SQL Server Replication is an SQL Server feature that allows us to transfer data from one instance to another for such purposes as consolidating data into a reporting environment or migrations. I personally would not consider SQL Server Replication as a high availability technology even though some people consider it to be.
SQL Server replication uses terms similar to those in the publishing industry to describe the way data is handled from source to destination. The key terms are as follows:
- Publisher – an SQL Server instance which makes data available to be replicated to other instances (packaged as publications).
- Publication – a unit ready to be passed to the receiving instance composed of a collection of articles that are actually database objects.

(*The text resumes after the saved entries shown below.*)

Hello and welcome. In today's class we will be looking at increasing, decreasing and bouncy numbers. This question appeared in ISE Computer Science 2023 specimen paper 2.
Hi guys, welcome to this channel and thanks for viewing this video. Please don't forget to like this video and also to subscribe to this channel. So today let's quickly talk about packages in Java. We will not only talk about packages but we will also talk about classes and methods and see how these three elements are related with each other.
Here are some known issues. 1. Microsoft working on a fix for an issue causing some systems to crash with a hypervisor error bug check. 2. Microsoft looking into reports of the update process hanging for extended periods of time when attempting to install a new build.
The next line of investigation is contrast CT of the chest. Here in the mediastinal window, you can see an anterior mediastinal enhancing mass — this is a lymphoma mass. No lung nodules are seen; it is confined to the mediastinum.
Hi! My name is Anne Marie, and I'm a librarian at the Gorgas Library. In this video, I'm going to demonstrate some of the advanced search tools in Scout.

- Distributor – an SQL Server instance responsible for storing data associated with one or more publishers in a database called a distribution database. A Local Distributor is stored in the same instance as the Publisher while a Remote Distributor is located in another instance.
- Subscriber – an instance that receives a replicated database. A subscriber subscription is a request for a publication copy it expects to receive from the Publisher.

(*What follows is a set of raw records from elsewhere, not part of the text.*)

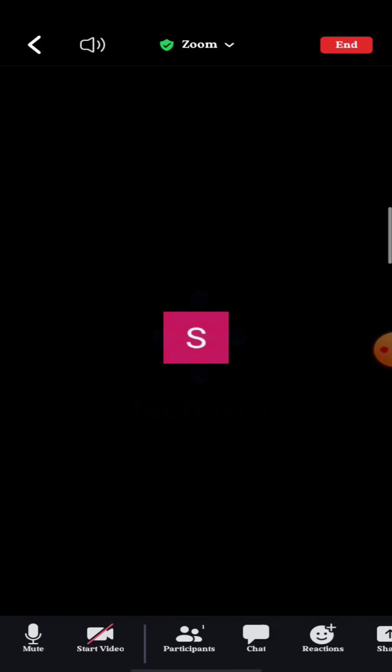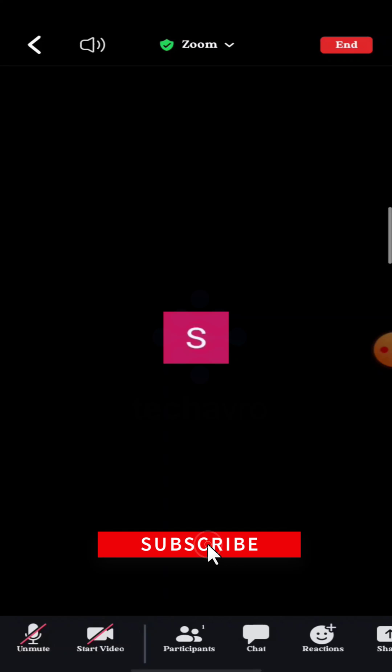I hope this video was helpful to you. If it was, please give a thumbs up and hit the subscribe button. Thanks for watching the video.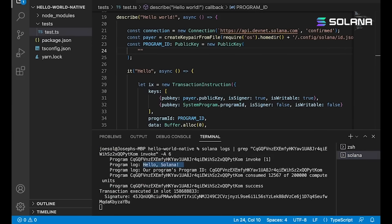So that's it. That is how you write a hello world Solana program. We covered a lot of stuff in here. Stay tuned for more videos.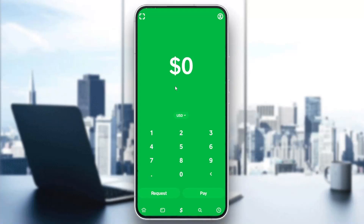Hello guys and welcome to a new video. In today's tutorial I'm going to show you how to fix the Cash App 'please try again later' error. The first thing you will need is to have the app.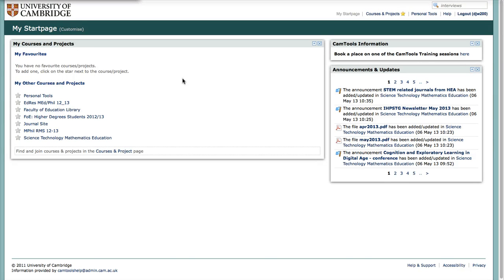We are live. My name is David. This is an overview of our journal site.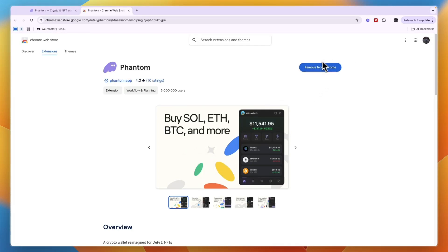Now I already have it installed, so therefore for me it says remove on Chrome. For you, it will say add to Chrome if you haven't added it before.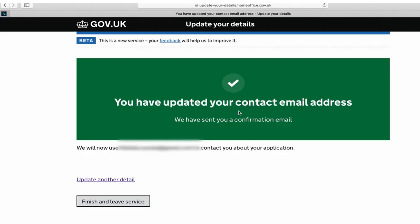Finally, you should see a green box on the page that confirms you have updated your contact details successfully.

In the article, I am going to share a few points I learnt from configuring the SQL Server replication to support a heterogeneous subscriber. I will create a publication and subsequently an Oracle subscription which will depend on this publication. I will also demonstrate a few points along with the flow of the process that are very important for troubleshooting problems.

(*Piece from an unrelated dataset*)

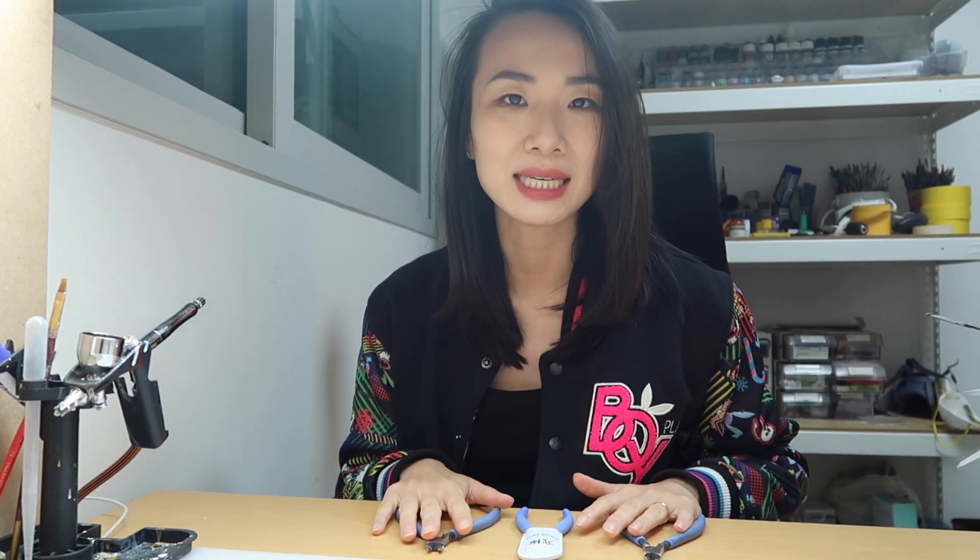Now I swear by Godhand nippers, especially because I really love to paint and just build up clear kits and these give a really clean cut.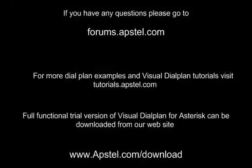Thank you for watching this video. If you have any questions please go to forums.opstill.com. For more dial plan examples and Visual Dialplan tutorials visit tutorials.opstill.com. Full functional trial version of Visual Dialplan for Asterisk can be downloaded from our website, www.opstill.com.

The steps to configure a snapshot replication session are as follows:
- Configure a distributor
- Configure a publisher (along with the publication including the articles being published)
- Configure a subscriber
I will provide a brief explanation of each step.
Configuring a Distributor
A Distributor is an instance responsible for storing information used during the replication. When you try creating a publication in the instance for the first time, SQL Server will suggest you configuring a Distributor. In this article, our Distributor is a Local Distributor.
Creating a Publication
Let us identify the database that contains the objects we would like to replicate. This will be a Publication Database.
To create a publication database, follow the instructions on the screenshots below.
This step allows you to select a type of the publication you wish to configure. Each publication type is described in the lower pane. For simplicity and compatibility reasons, we choose a snapshot publication. Please note that we intend to replicate objects to an Oracle instance. In this case, Transactional and Snapshot Publications are supported. There are other good use cases for a peer-to-peer and merge replication.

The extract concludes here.